Let $(V,\rho)$ be a representation of a group $G$. If $W$ is a vector space isomorphic to $V$, then it can be turned into a representations of $G$ isomorphic to $V$.

It is interesting for me to see how linearity at level of vector spaces carries naturally over to $G$-linearity. I am actually surprised, so I was wondering whether all my steps are correct. Can anyone double check?

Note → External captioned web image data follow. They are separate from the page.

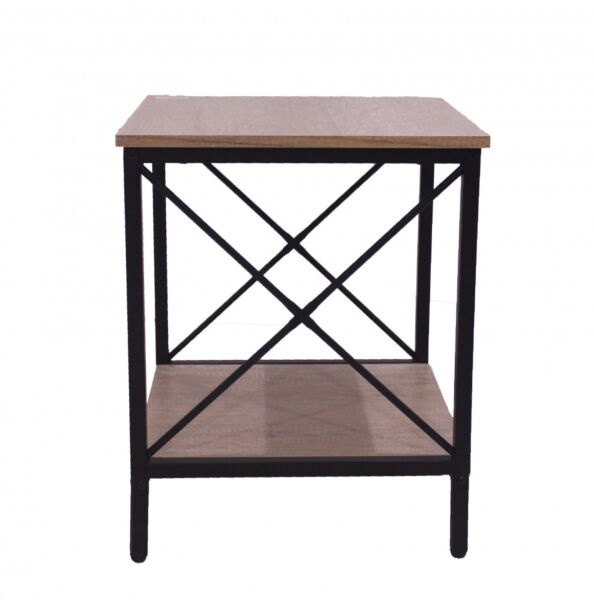 طاولة جانبية بسطحبن كوردوبا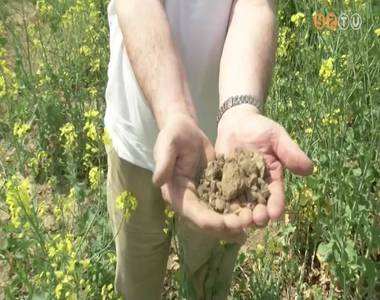 Szárazságra nagy esőzés Szárazságra nagy esőzés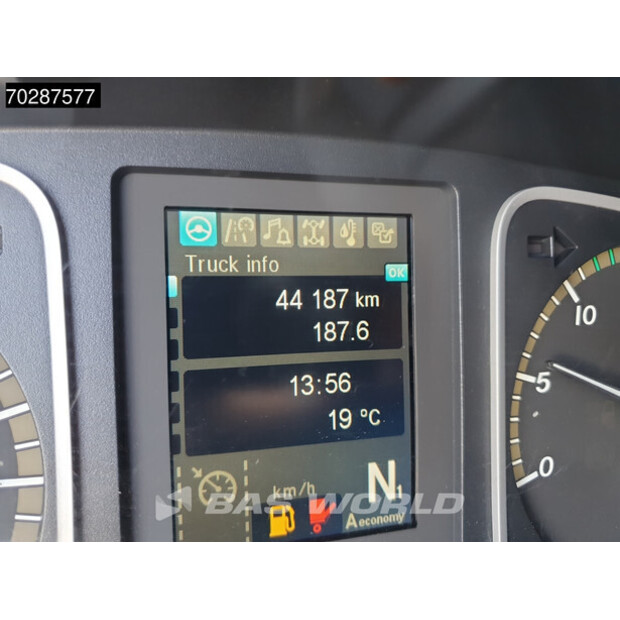 2022 Mercedes-Benz ATEGO 1527-40959295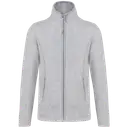 Zipped Microfleece Jacket - Image 12
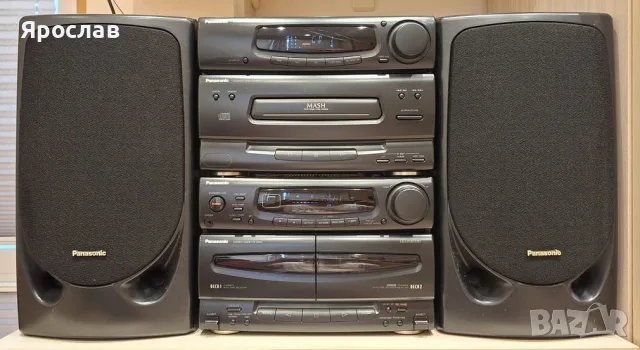 Аудио Система Panasonic SU-CH40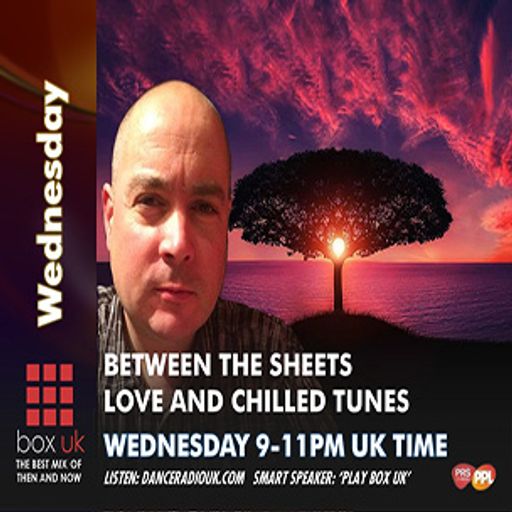 Danny Bell - Between The Sheets - Box UK - 1/1/25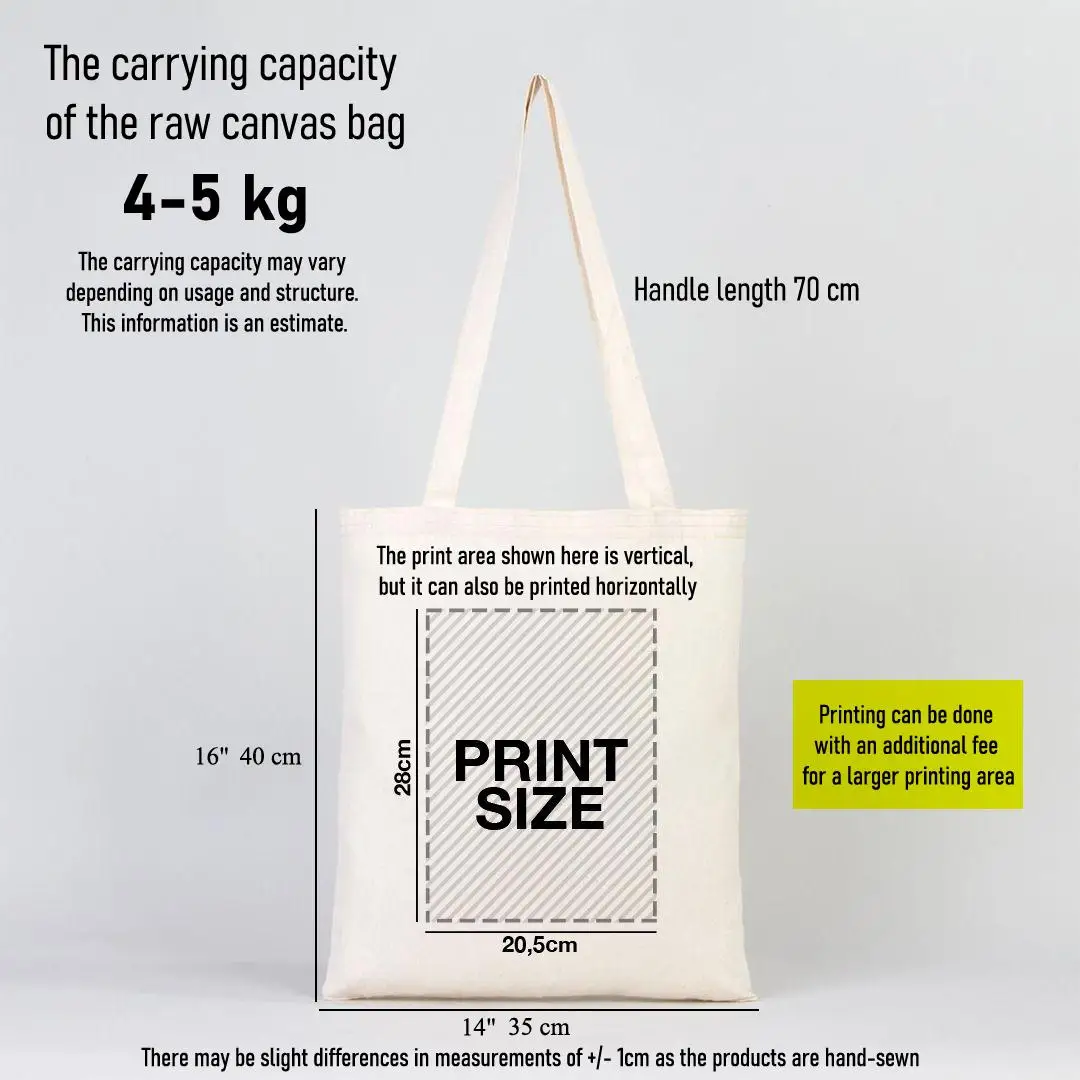 Custom Tote Bags With Your Logo, Wholesale Custom Promotional Bags, Photo or Text Print, Bulk Personalized Bag, Multi Color Prin - 2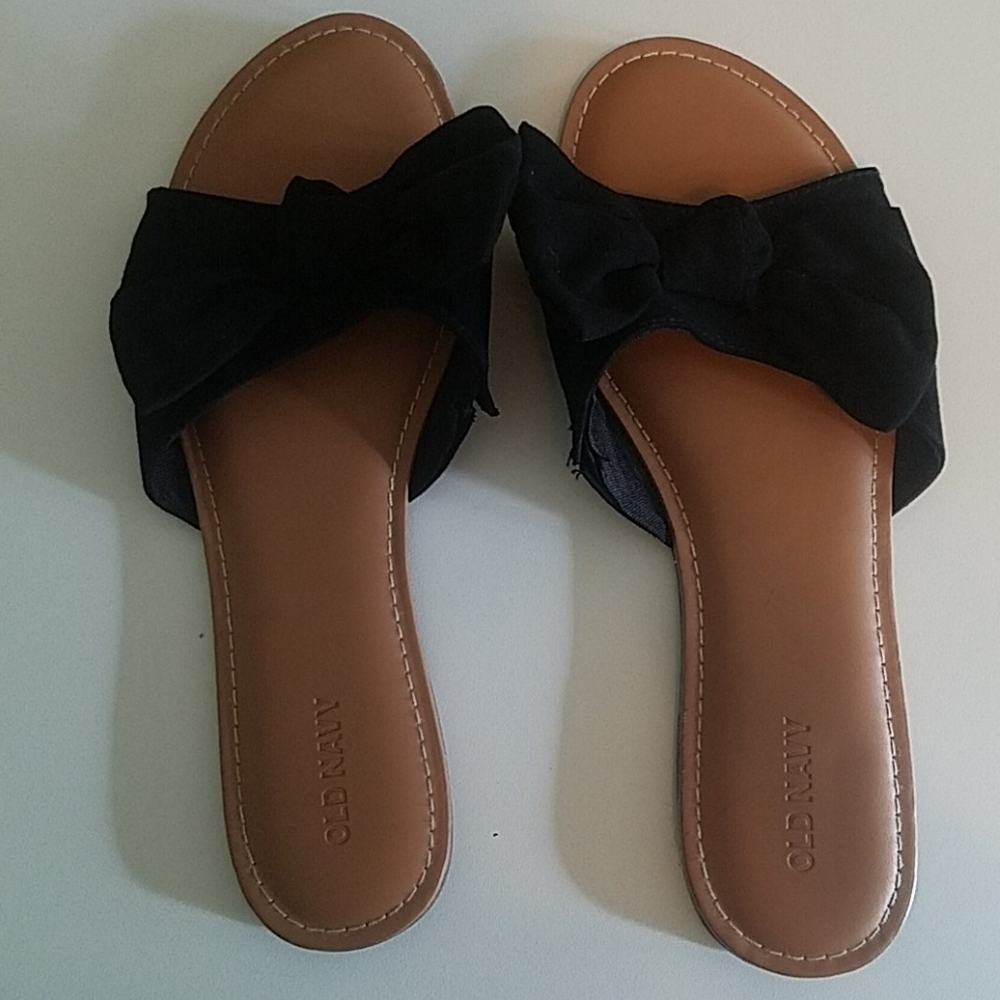 Old navy slides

Consider the isomorphism $\varphi\colon V \rightarrow W$ given by hypothesis. Then the map \begin{equation*} \psi \colon \mathrm{GL}(V) \to \mathrm{GL}(W): A \mapsto \varphi \circ A \circ \varphi^{-1} \end{equation*} is an isomorphism. So we can construct a new representation $(W,\sigma)$ of $G$ as follows: \begin{equation*} \sigma \colon G \rightarrow \mathrm{GL}(W): g \mapsto \sigma(g) := \psi (\rho(g)). \end{equation*} This is in fact a representation of $G$: if $g,h \in G$, then \begin{align*} \sigma(gh) & = \psi(\rho(gh)) = \varphi \circ \rho(gh) \circ \varphi^{-1} = (\varphi \circ \rho(g) \circ \varphi^{-1}) \circ (\varphi \circ \rho(h) \circ \varphi^{-1}) \\ & = \psi(\rho(g)) \circ \psi(\rho(h)) = \sigma(g)\circ \sigma(h). \end{align*} Now we can prove that $(V,\rho)$ and $(W,\sigma)$ are isomorphic representations, i.e. that $\varphi$ is actually a $G$-linear map. If $v \in V,g \in G$, then \begin{align*} \sigma(g)(\varphi(v)) & = \psi(\rho(g))(\varphi(v)) = (\varphi \circ \rho(g) \circ \varphi^{-1})(\varphi (v)) \\ & = \varphi(\rho(g) v), \end{align*} which shows the claim.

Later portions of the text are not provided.